How to decrease the voltage interval

The Voltage Interval can also be easily modified by choosing another Forward Voltage ($V_{forward}$). To decrease the interval, the ideal choice is to go with Schottky Diodes, since their $V_{forward}$ is around 0.3V:

$0-0.3<voltage<3.3V+0.3V$ $-0.3<voltage<3.6V$

Final note: It is just not me supporting this protection, a couple of companies/manufacturers also do and recommend.

Zener Diode

This is also a type of diode, but has a much lower reverse voltage threshold - the inverted voltage at the terminals of the diode working in reverse bias, that allows the flow of the current.

The Zener Diode can be used as an alternative to the clipping diode connected to the Reference Voltage $V_{ref}$. This way, we can avoid forwarding current to a power line (and bonus - also eases PCB routing, since it is connected to the ground).

But, before we jump into the circuit, an important thing to have in mind when dealing with Zener Diodes is that if a lot of current goes through the diode, its voltage regulation fails (and it fries 😅).
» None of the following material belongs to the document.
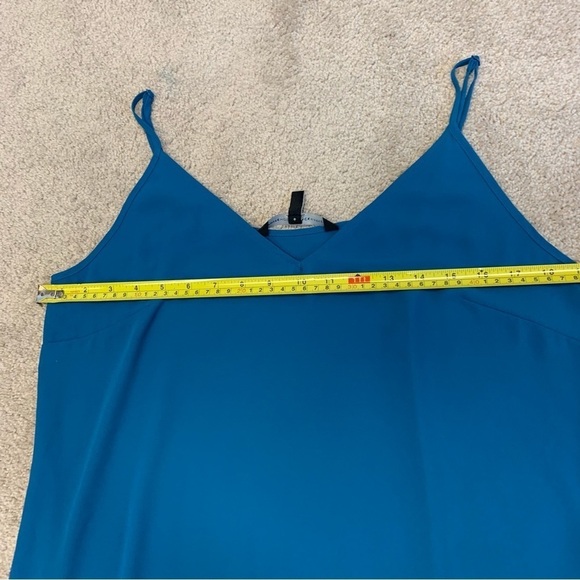 Whbm blue short sleeve wrap midi dress Sz L - Picture 9 of 13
Let’s take a simple example:

The Input Voltage ($V_i$) is 15V and the Breakout Voltage ($V_{bo}$) of the Zener Diode is 4.7V, which means the voltage across the terminals of the diode should be 4.7V. Let’s take a look into the simulation:

It is not the expected result. Because the resistance is so small ($5\Omega$), the current passing through the diode turns it into an unstable component.
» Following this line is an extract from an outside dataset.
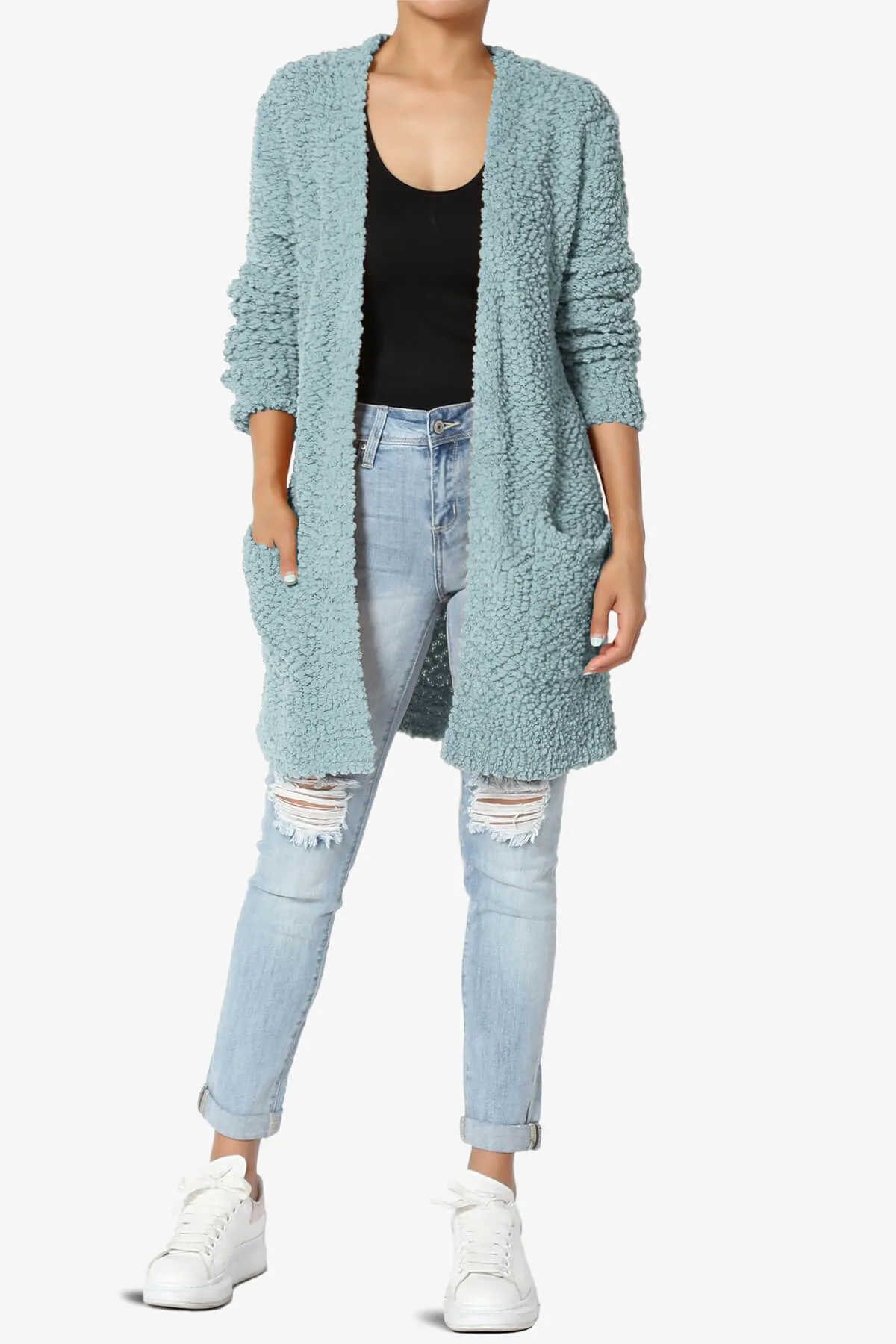 Barry Soft Popcorn Knit Sweater Cardigan PLUS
$I=\frac{V_i-V_{bo}}{5\Omega }A$ $I=\frac{15V-4.7V}{5\Omega }A$ $I=2,06A$

The theoretical current 2,06A is basically the same as the simulation, 1.92A. The decreased current results of the use of the unstable $V_{bo}$ of 5.38V, instead of the theoric 4.7V.
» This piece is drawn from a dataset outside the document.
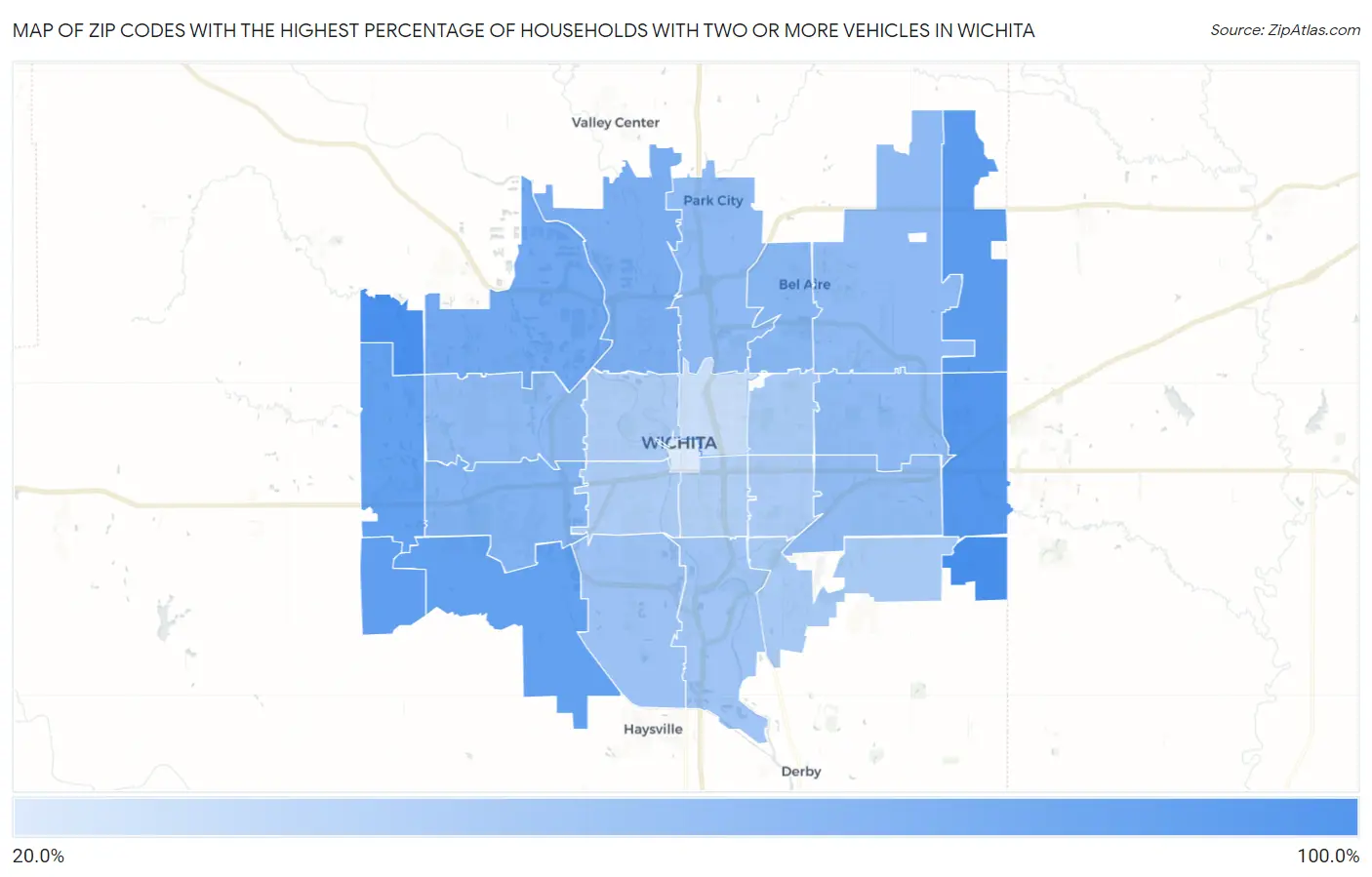Zip Codes with the Highest Percentage of Households With Two or more Vehicles in Wichita Map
There is not a lot of information about the simulated diode (1N750), but we know, from the datasheet, the Absolute Maximum Power Dissipation is around 500mW. This is a limit we must respect and choose a resistor according to this maximum rating. The maximum current flowing through the diode without messing up with the its normal behaviour can be calculated as:

$I=\frac{500mW}{4.7V}A$ $I=100mA$

The absolute maximum current is as smaller as 100mA (not using the internal series resistor of the zener diode!).

Better safe than sorry - we can choose a resistor that allows the flow of 10mA:

$I=\frac{V_i-V_{bo}}{1000\Omega }A$ $I=\frac{15V-4.7V}{1000\Omega }A$ $I=10mA$

A resistor of 1k$\Omega$ fits perfectly!

Now, let’s try to simulate these changes:

Matches previous values!

Decrease the resistance and get cooler

As we have seen before, the power dissipation of the Zener Diode can be set as $P=V_{bo}\ast I_r$. If your data line doesn’t need that much current, it is possible to reduce it by increasing the resistance in series. If the data line draws 10mA, the power dissipation is around 47mW. But, what if we just need 1mA?

$P=V_{bo}\ast I_r$ $P=4.7V\ast 0,001A$ $P=4.7mW$

By re-thinking the design, we can decrease the power dissipation of our design and turn everything more efficient!